First of all, it’s your job to remind your users that they really want your email – each and every time they open an email from you, they should be reminded of just how much they want it.
And we don’t mean by your telling them “You want this email,” or “You have requested this email,” or “You are getting this email because you signed up”, in fact that’s a great way to get your email blocked.
No, we mean, by making your email as appealing and readable as possible to them.
Here’s why it matters: if they open your email and either don’t recognize it as being something they asked to receive, or simply don’t like the looks of it, they will likely as not mark it as “spam”.
And, over time, as enough of your users do that, your email will start getting sent to the junk folder.
As we said, we’ve discussed this before. But it doesn’t stop people from ignoring it. In fact, let us tell you a story about a well-known business in the financial sector, let’s call them Acme (not their real name). Acme had a 100% confirmed opt-in list. In fact, some of their users paid to receive their financial services newsletter. But their email was consistently going to the junk folder at places like Gmail. Because they didn’t listen. And when we say that they didn’t listen, we mean that our CEO personally stood in front of them and gave them a 2-hour custom talk, for which they paid to fly her in, and in which she personally explained all of this to them.
But they didn’t listen.
Why were they going to the junk folder at places like Gmail? Because their email was hard to read. It had lots of HTML – big fonts, lots of different colored fonts – you name it. It looked like an HTML factory threw up in their email. Which made it look spammy. Of course their unsubscribe link was in a much smaller font, which made it harder to unsubscribe, and also looked spammy.
So Gmail and other users were hitting “this is spam” instead of delete or unsubscribe (which in itself would be bad enough, as if you are alienating your mailing list they sure as heck aren’t buying from you). And because Gmail, like so many other web-based email providers, listens to their users, when enough of them say “this is spam”, Gmail believes them, and into the spam folder you go.

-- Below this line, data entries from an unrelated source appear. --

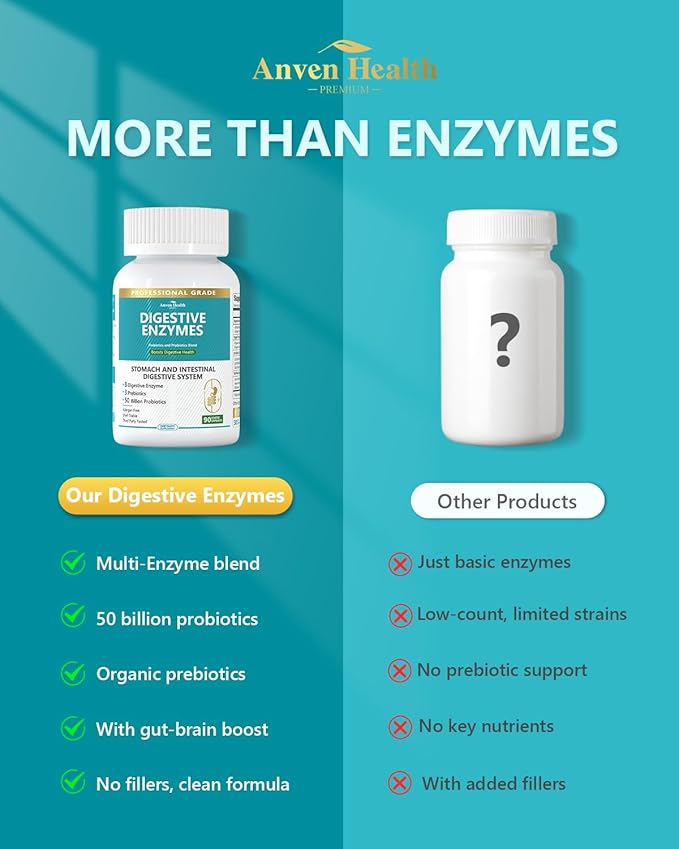 Digestive Enzymes with Probiotics Prebiotics for Women Men - Multi Enzyme for Bloating Relief, Gas, Constipation, Digestive & Gut Health, Vegan & Non-GMO | 180 Capsules
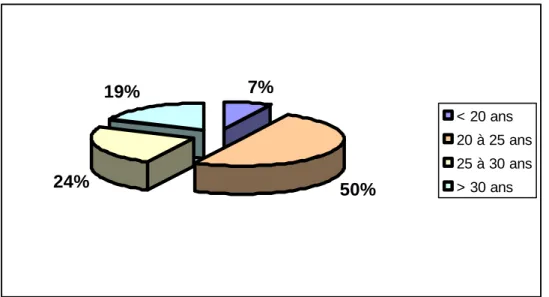 Figure 7 : Répartition des patients selon l’indice de masse corporelle 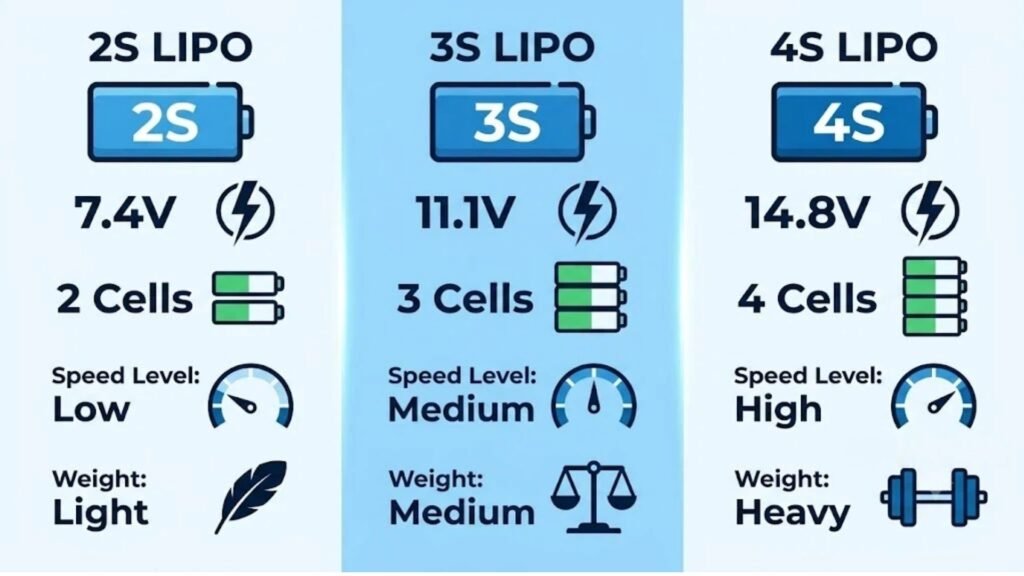 2S 3S 4S lipo battery comparison infographic voltage cells speed weight A&S Power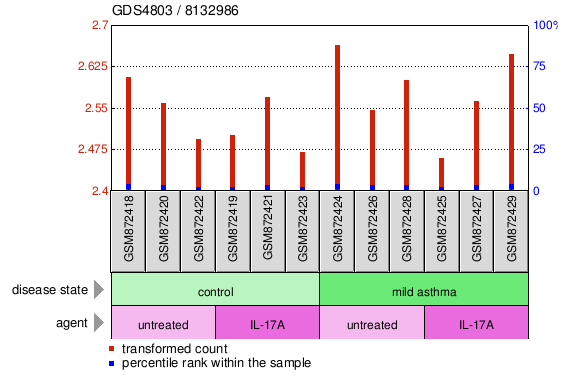 Gene Expression Profile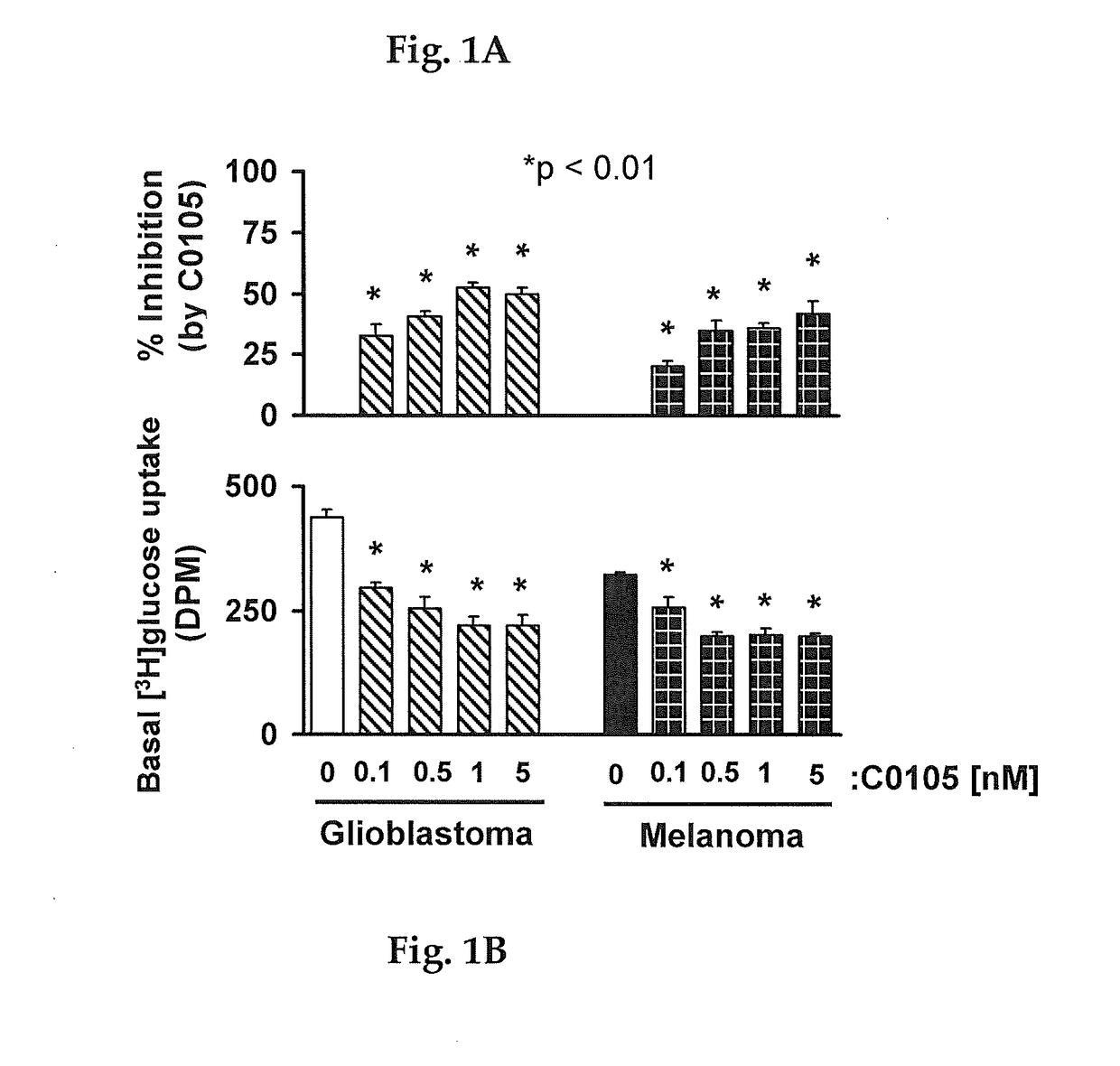 Method for inhibiting growth of cancer cells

So listen to us when we say that it isn’t enough to have scrupulously clean list building practices. It’s a necessary, but by no means sufficient, element towards good email delivery. Put another way, it’s a good start – it will get you through the door, but list mailing is a lot like dating: getting in the door isn’t enough, you have to impress the other person, and continue to impress them. You have to make your users fall in love with you all over again with each and every email. And that never changes.